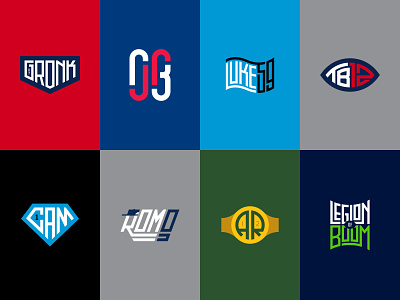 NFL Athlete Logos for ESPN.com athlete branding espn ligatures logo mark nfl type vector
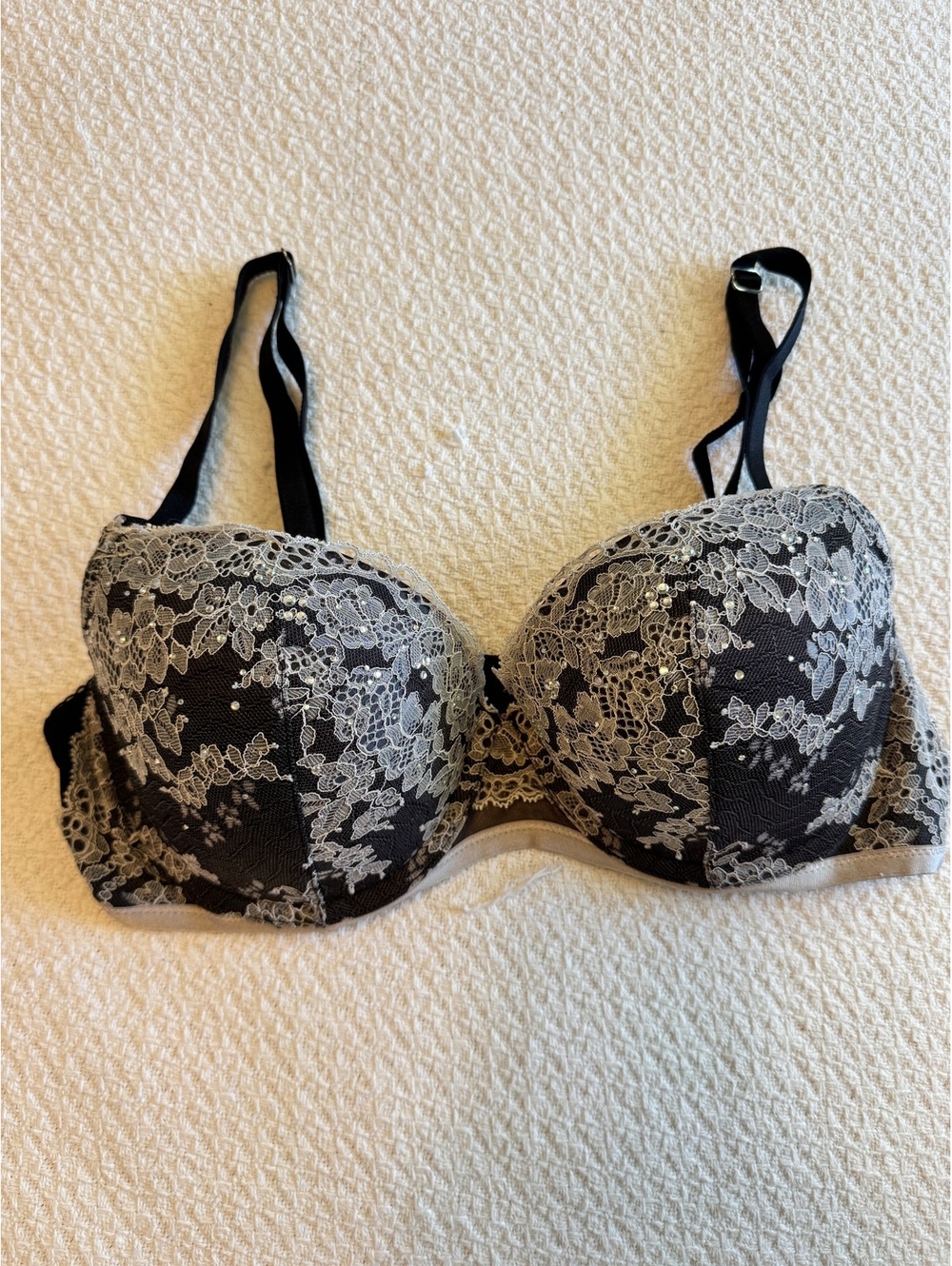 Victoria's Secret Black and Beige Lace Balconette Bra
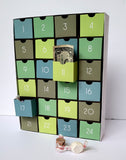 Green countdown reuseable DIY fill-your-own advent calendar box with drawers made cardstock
• • • • •
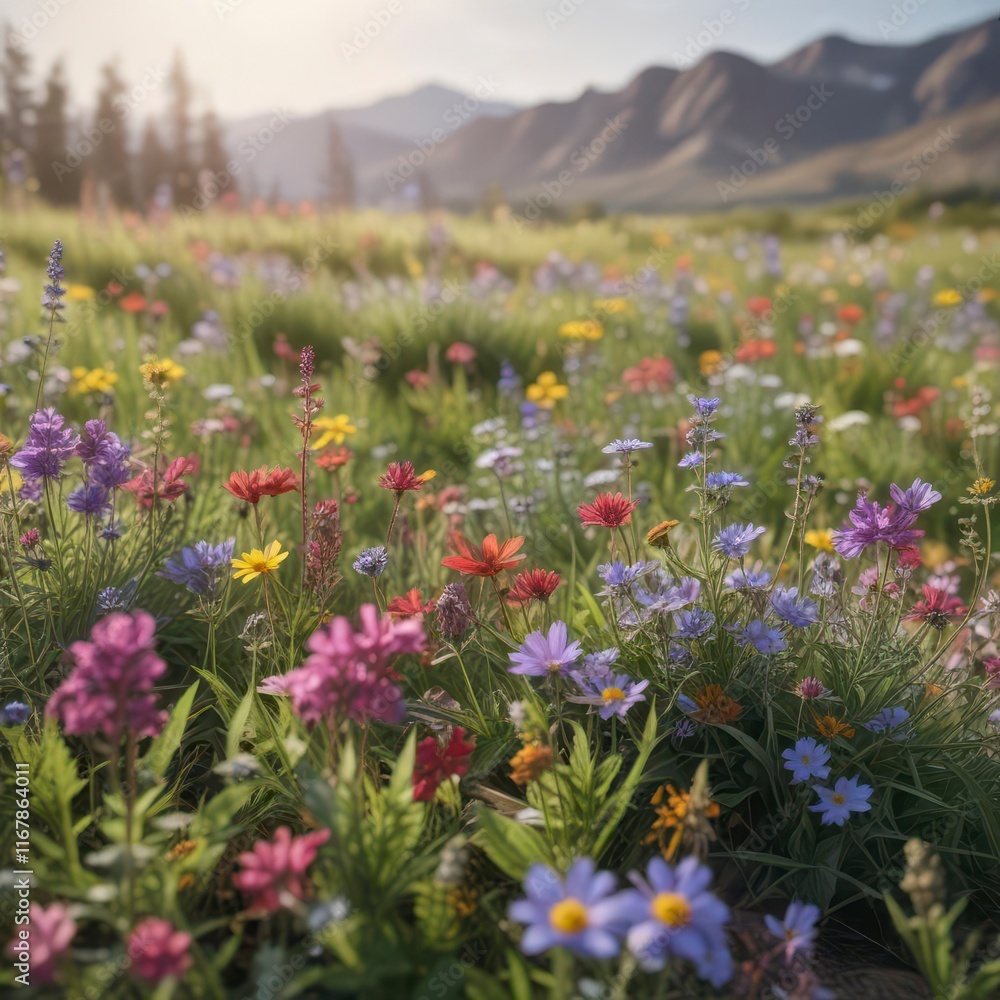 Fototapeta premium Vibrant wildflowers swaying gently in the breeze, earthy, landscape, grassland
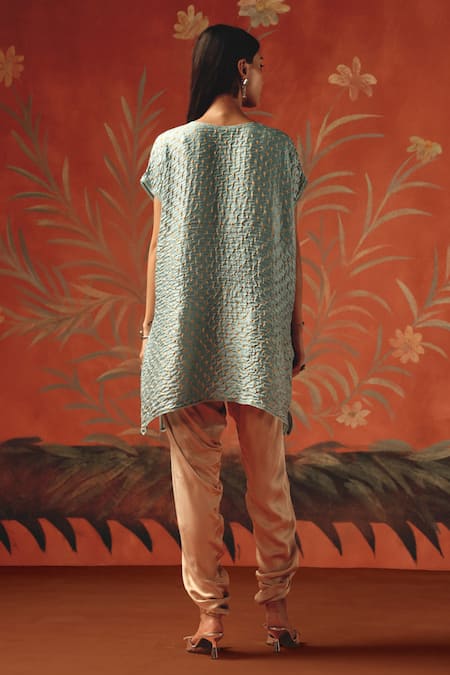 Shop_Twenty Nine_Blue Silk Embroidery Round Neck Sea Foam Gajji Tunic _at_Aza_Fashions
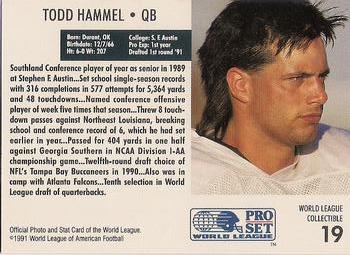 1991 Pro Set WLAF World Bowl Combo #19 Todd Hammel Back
• • • • •
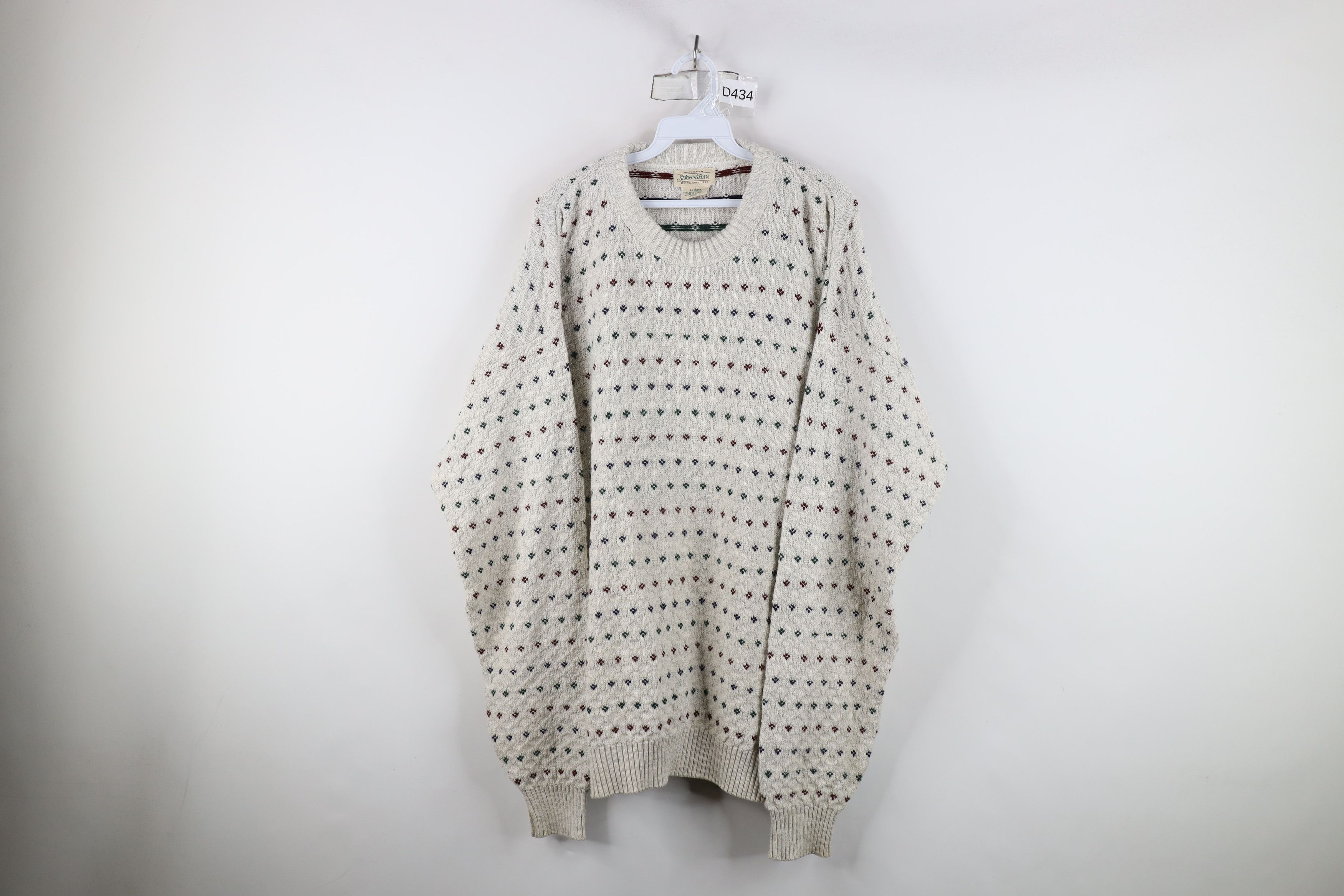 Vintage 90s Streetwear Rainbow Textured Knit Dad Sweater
• • • • •
Assignment
Leaving every picture aside, reproduce exactly the lines above from the one with "Shop_Twenty Nine_Blue Silk" up to and including the one with "1991 Pro Set", and no others.

Exercise output
 Shop_Twenty Nine_Blue Silk Embroidery Round Neck Sea Foam Gajji Tunic _at_Aza_Fashions
 1991 Pro Set WLAF World Bowl Combo #19 Todd Hammel Back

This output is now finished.